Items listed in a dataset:

● ● ● ●

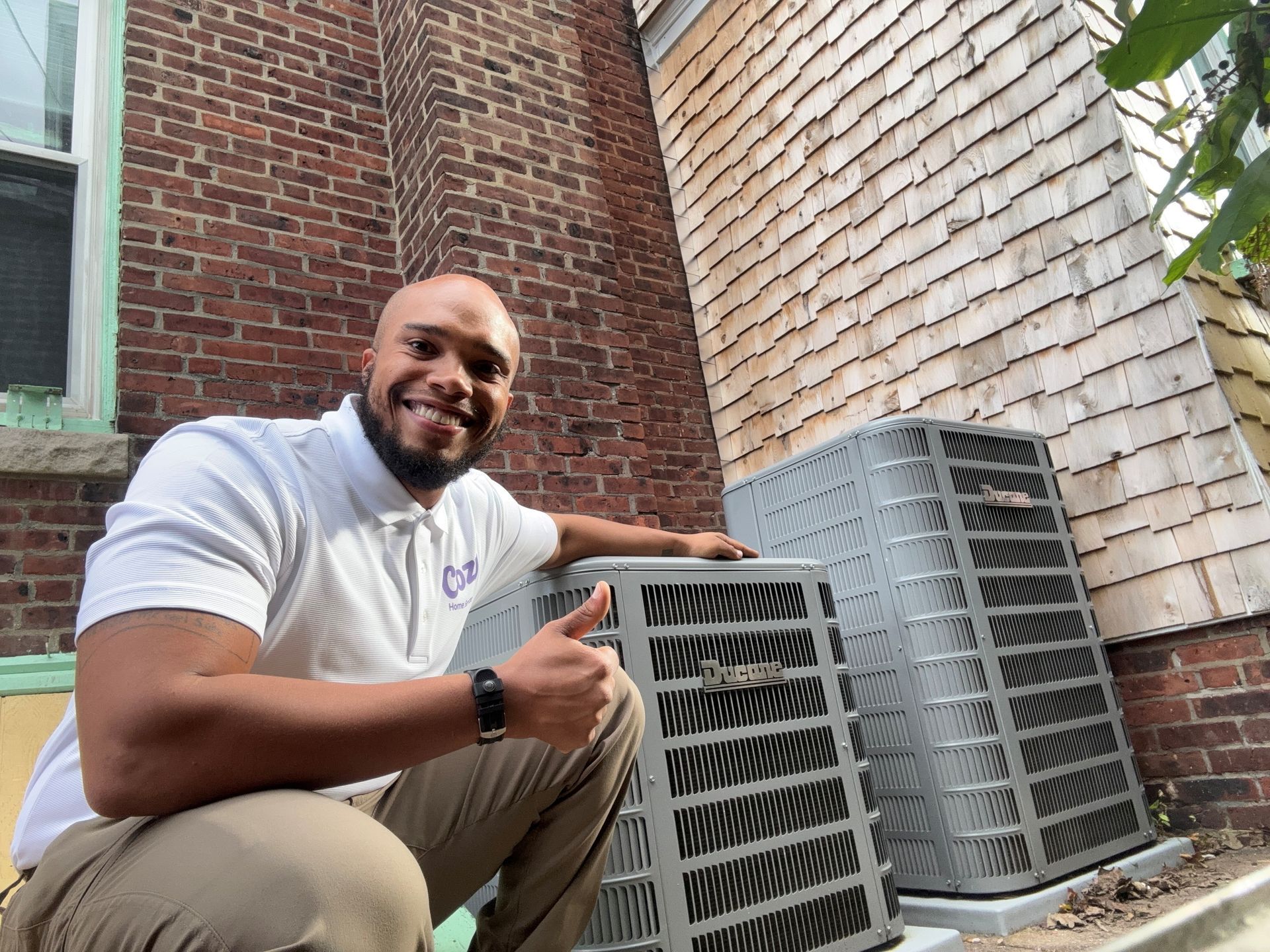 Outdoor air conditioning unit on a concrete pad, near a tan house.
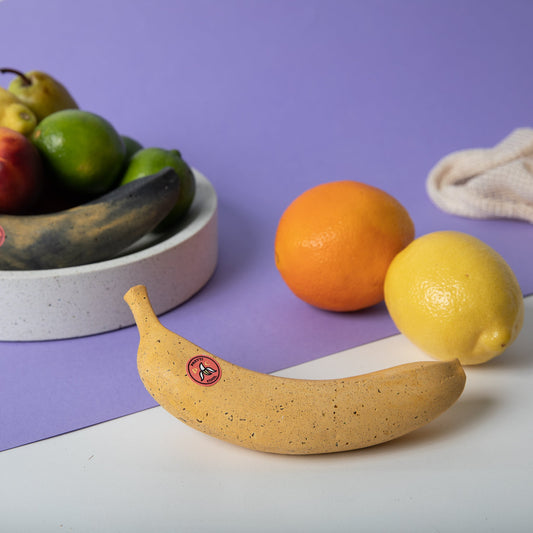 Concrete banana sculpture, yellow speckled finish with small red emblem, on table.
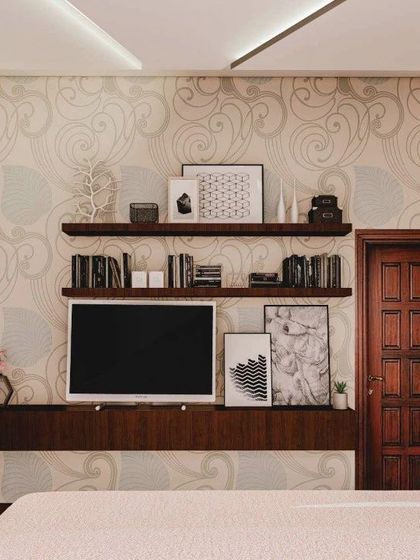 The TV and entertainment wall in the bedroom, featuring a floating console and open shelving against a subtly patterned wallpaper.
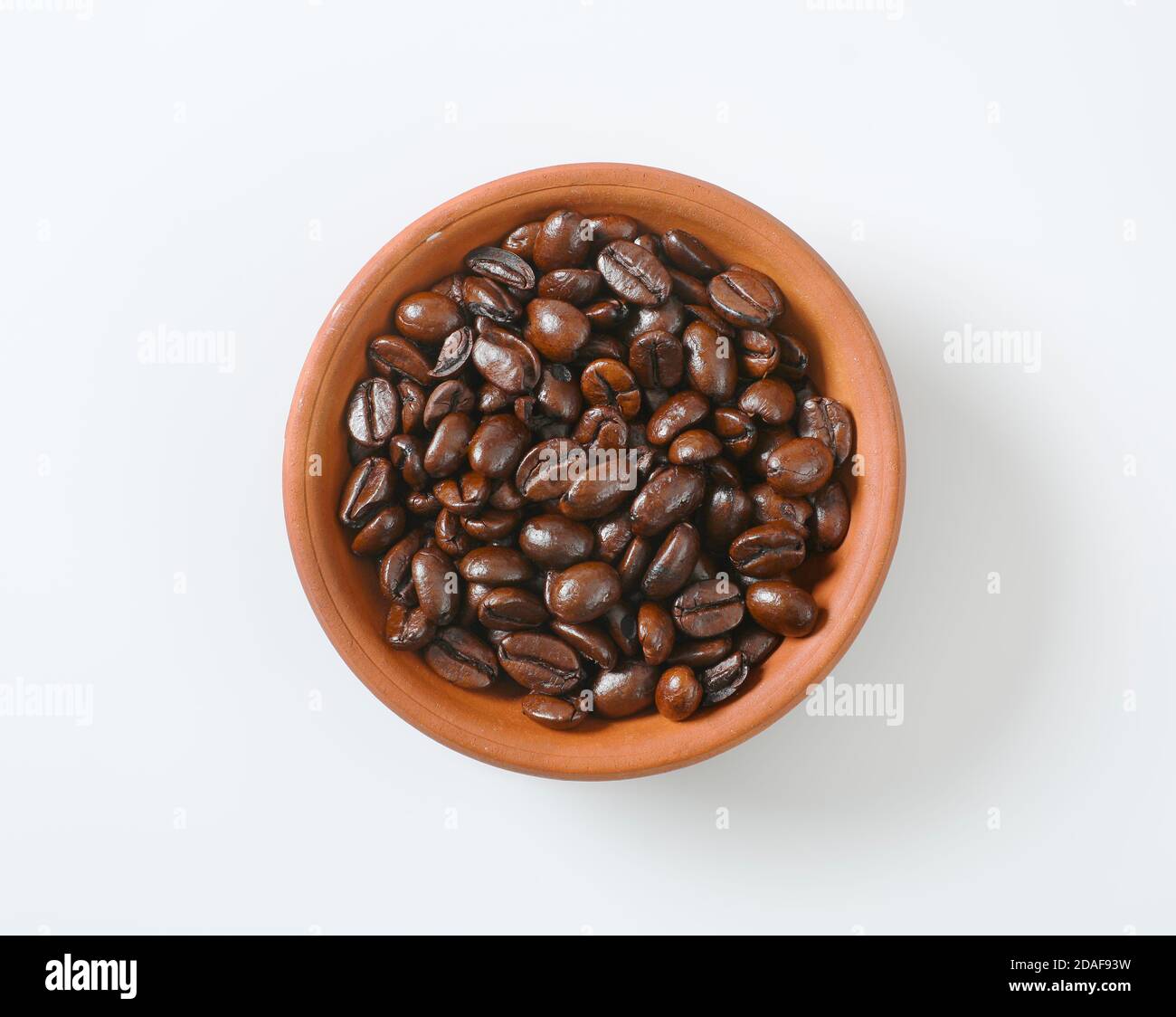 Grains de café rôtis dans un bol en terre cuite Banque D'Images Grains de café rôtis dans un bol en terre cuite Banque D'Images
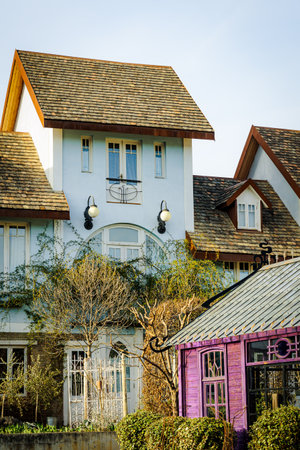 Charming countryside house with a wooden shingle roof and a whimsical purple garden house. Sunlight enhances the textures of the rustic architecture and lush greeneryの写真素材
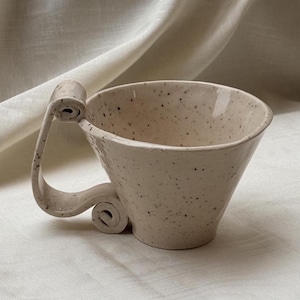 May include: A speckled cream-colored ceramic mug with a wide, flared rim and a unique, sculptural handle that features a prominent scroll design at the top and a smaller, tightly coiled spiral at the base, creating a distinct silhouette.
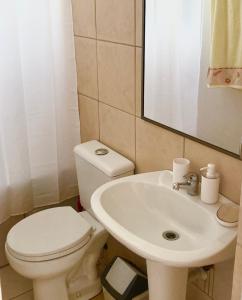 a bathroom with a toilet and a sink at Urban Lodge Providencia in Santiago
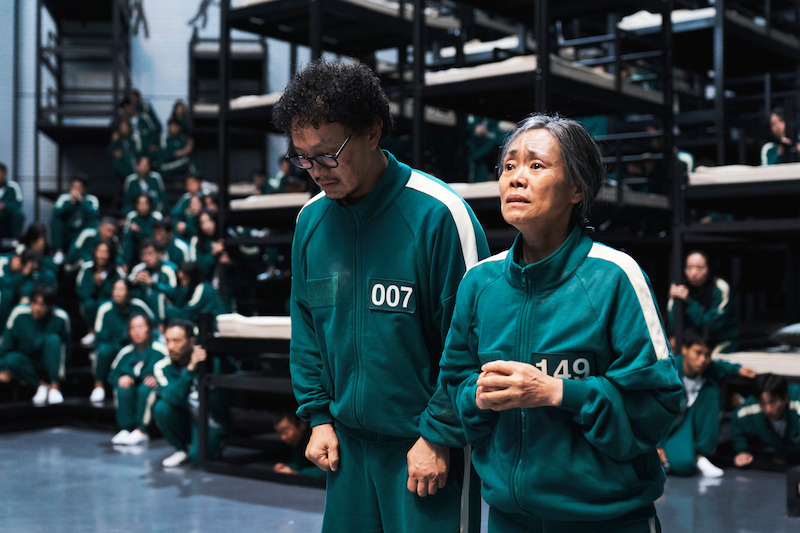 Yang Dong-geun as Park Yong-sik and Kang Ae-sim as Jang Geum-ja show nervous expressions in 'Squid Game' Season 2 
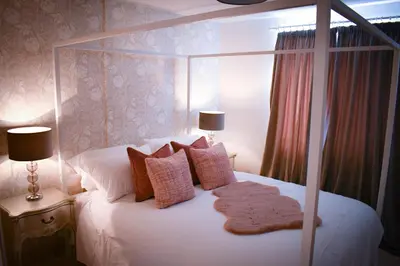 a bedroom with a large white bed with pillows at The Gate Cottage in Thaxted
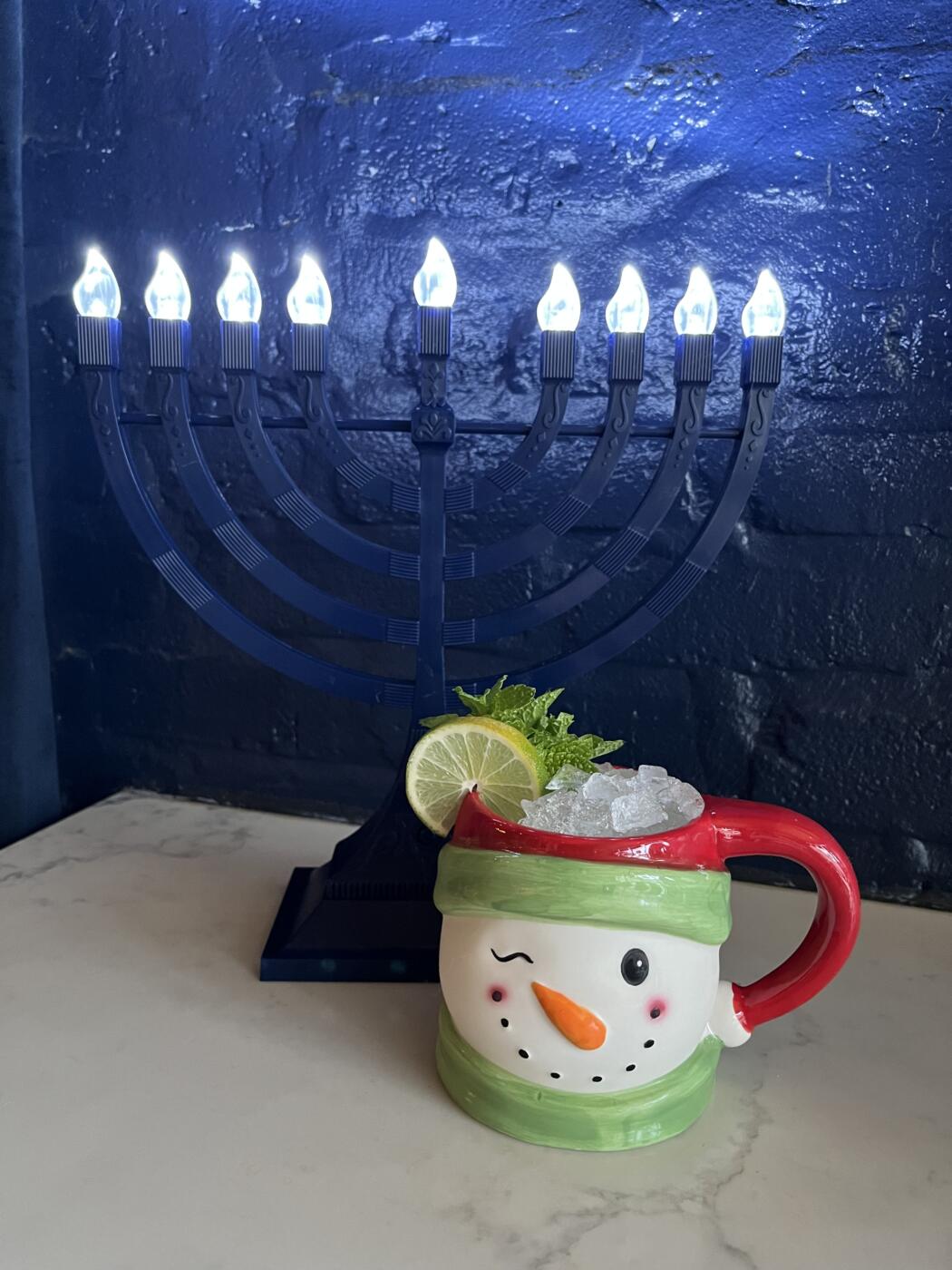 Snowman mug in front of lit Menorah at the Very Dandy Holiday at The Dandy Crown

● ● ● ●

WORK INSTRUCTION: Only the lines from the one containing "a bedroom with" through the last line of the entries should be transcribed, exactly and with no pictures.

ANSWER SECTION:
 a bedroom with a large white bed with pillows at The Gate Cottage in Thaxted
 Snowman mug in front of lit Menorah at the Very Dandy Holiday at The Dandy Crown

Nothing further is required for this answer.